BRIEF
Reproduce, exactly and in full, the lines from the one with "Hot Leathers KHC1017" through the one with "Teacher Tumbler Cup" in the data below; drop pictures.

-------- ENTRIES SHOWN --------

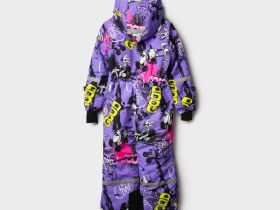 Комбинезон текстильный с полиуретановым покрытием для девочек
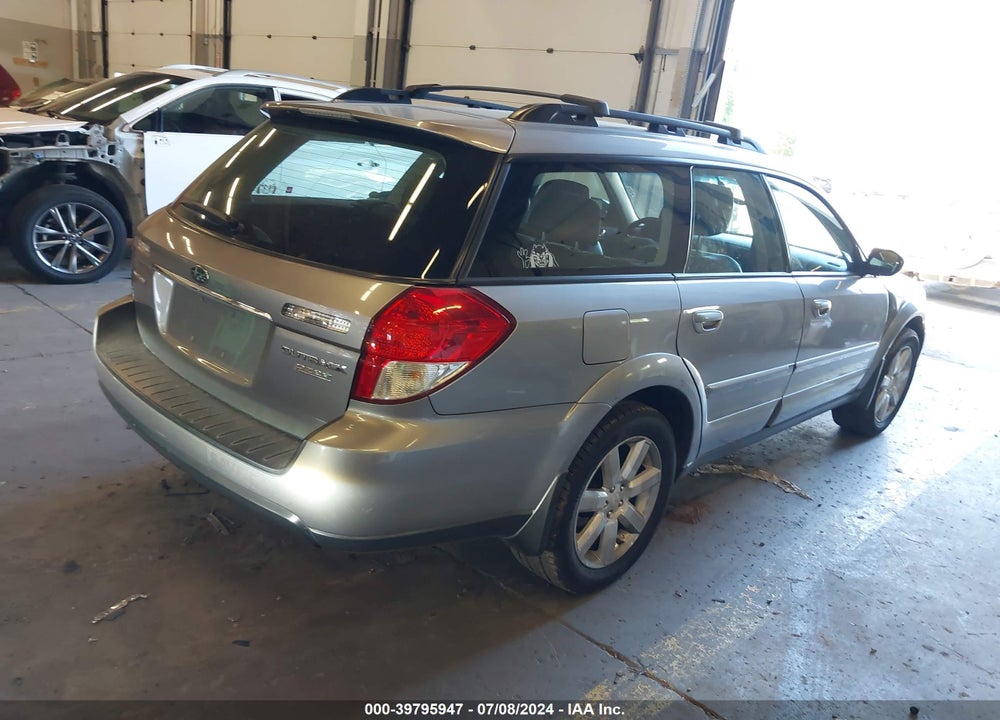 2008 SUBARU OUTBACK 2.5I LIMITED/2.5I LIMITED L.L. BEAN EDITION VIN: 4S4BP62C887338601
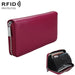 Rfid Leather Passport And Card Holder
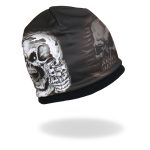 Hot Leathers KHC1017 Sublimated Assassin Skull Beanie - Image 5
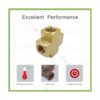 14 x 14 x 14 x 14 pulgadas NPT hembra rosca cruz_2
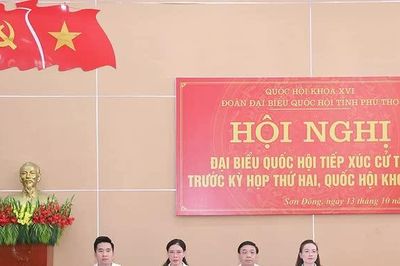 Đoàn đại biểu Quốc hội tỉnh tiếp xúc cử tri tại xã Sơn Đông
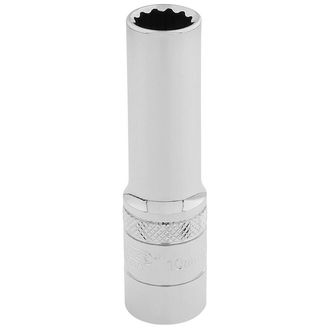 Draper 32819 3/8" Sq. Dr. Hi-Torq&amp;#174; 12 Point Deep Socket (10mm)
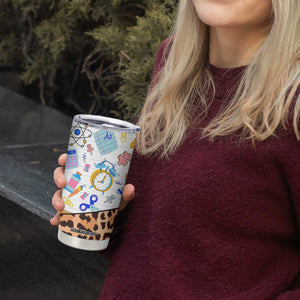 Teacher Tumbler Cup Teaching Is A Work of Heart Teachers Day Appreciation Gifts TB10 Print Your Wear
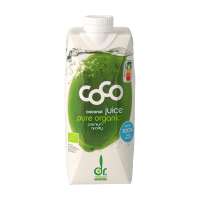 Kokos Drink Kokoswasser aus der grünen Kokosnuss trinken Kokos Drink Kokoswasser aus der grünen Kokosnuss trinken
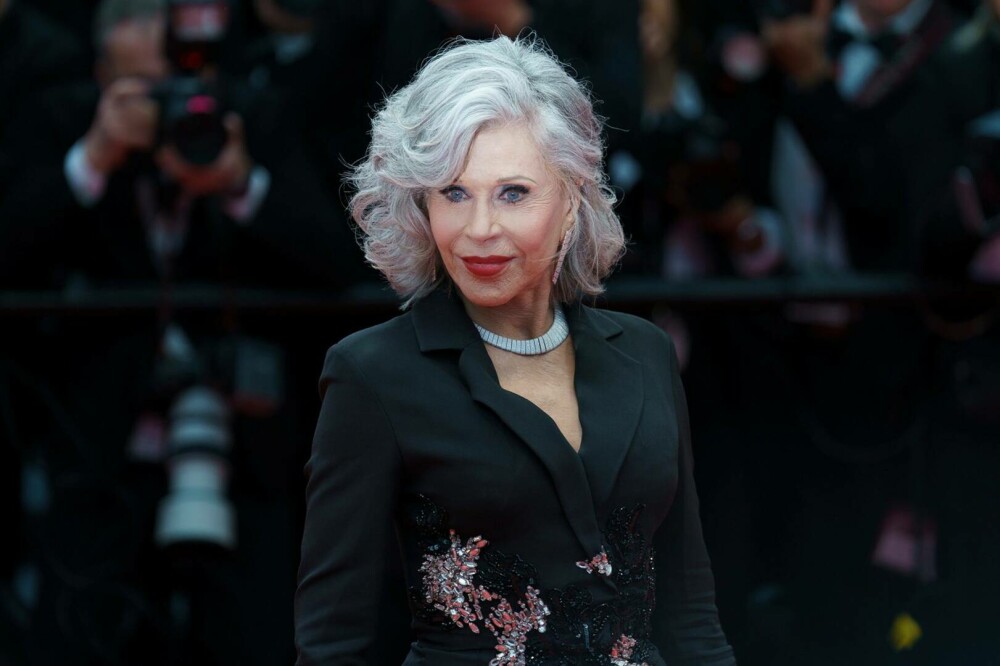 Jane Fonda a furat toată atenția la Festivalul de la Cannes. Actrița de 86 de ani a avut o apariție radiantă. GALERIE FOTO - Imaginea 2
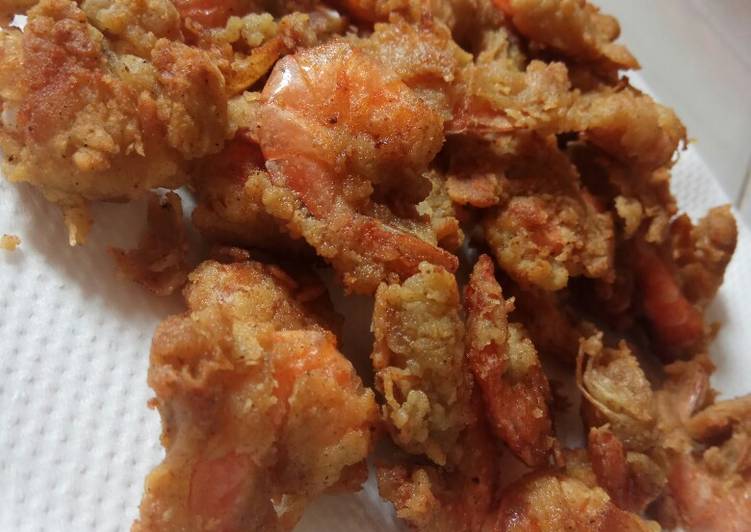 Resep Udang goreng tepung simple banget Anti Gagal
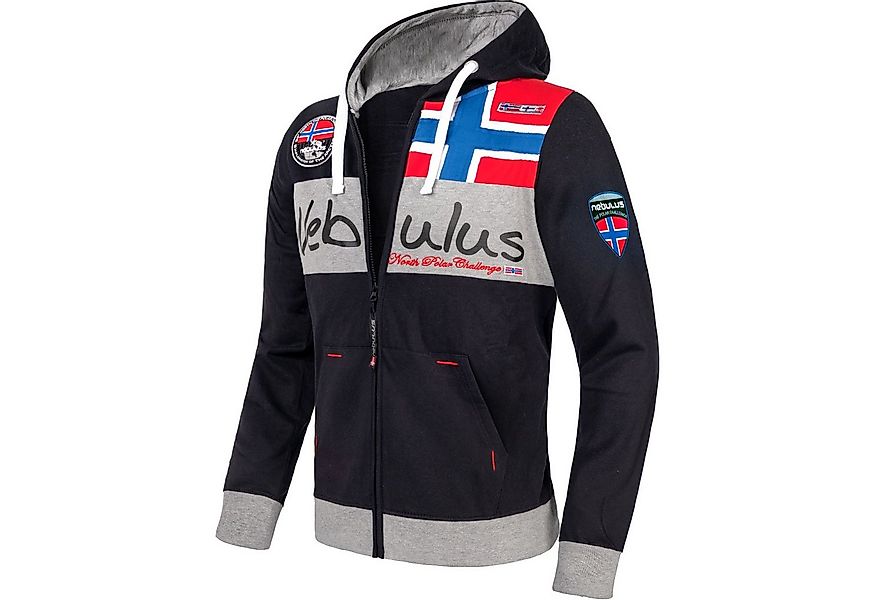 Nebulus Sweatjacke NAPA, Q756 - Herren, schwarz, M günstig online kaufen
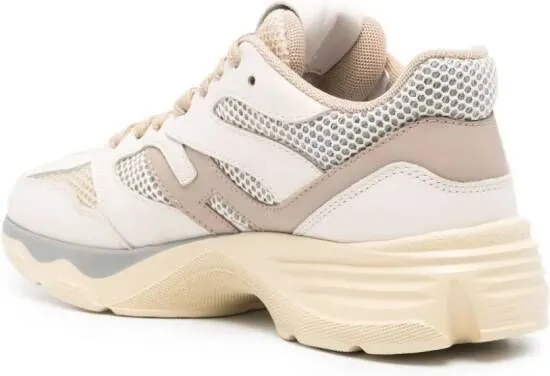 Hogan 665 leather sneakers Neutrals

--------
-------- ENTRIES SHOWN --------

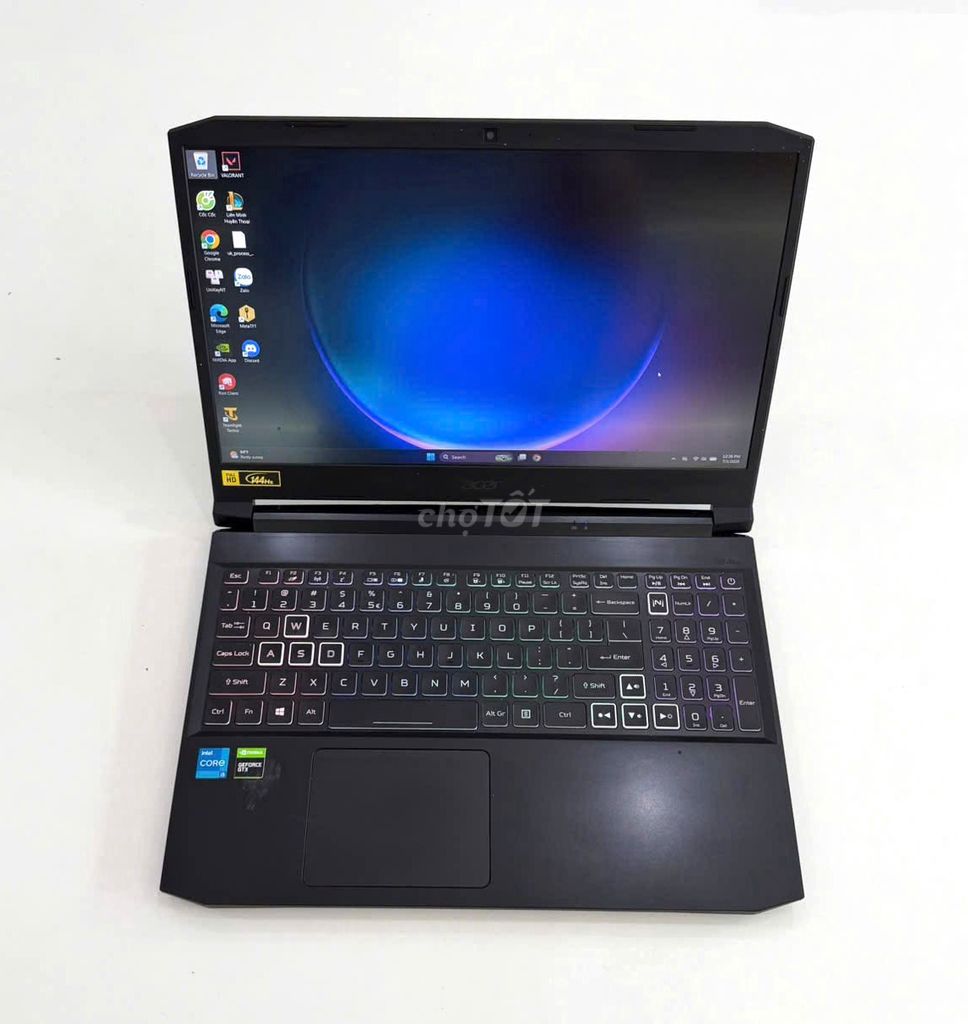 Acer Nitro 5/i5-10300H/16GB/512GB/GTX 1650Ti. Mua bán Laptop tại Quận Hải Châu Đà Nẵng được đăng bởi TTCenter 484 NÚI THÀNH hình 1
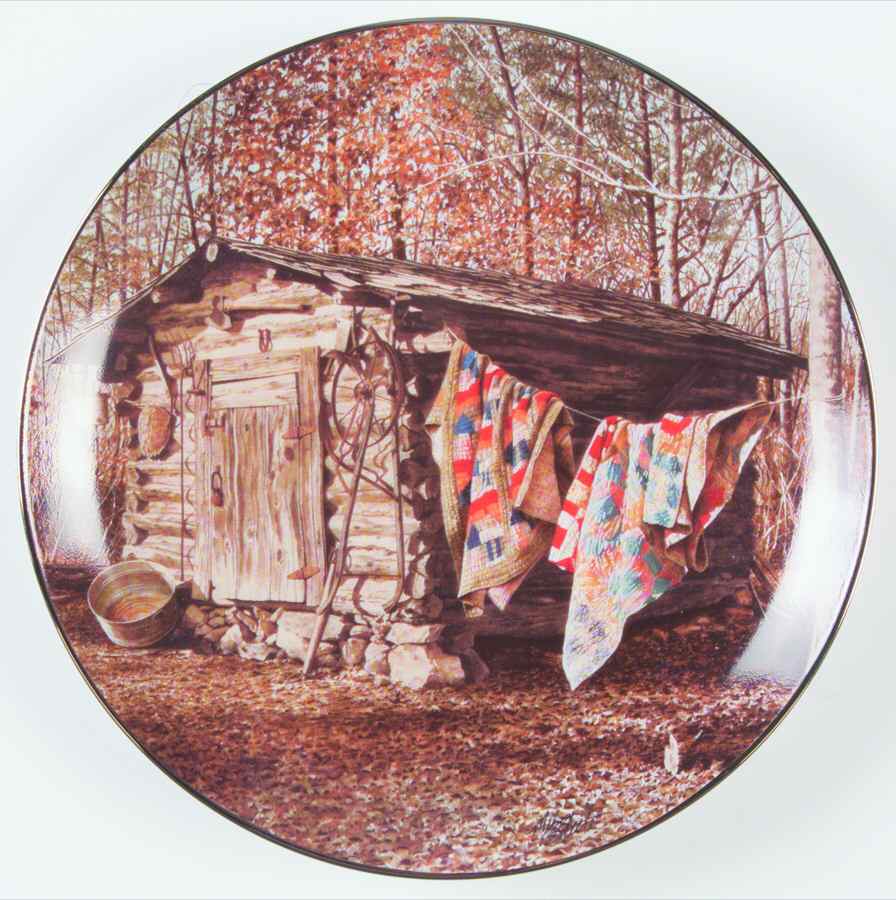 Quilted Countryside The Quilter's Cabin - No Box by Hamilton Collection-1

--------

RESULT OF THIS TASK
 Hot Leathers KHC1017 Sublimated Assassin Skull Beanie - Image 5
 14 x 14 x 14 x 14 pulgadas NPT hembra rosca cruz_2
 Đoàn đại biểu Quốc hội tỉnh tiếp xúc cử tri tại xã Sơn Đông
 Draper 32819 3/8" Sq. Dr. Hi-Torq&amp;#174; 12 Point Deep Socket (10mm)
 Teacher Tumbler Cup Teaching Is A Work of Heart Teachers Day Appreciation Gifts TB10 Print Your Wear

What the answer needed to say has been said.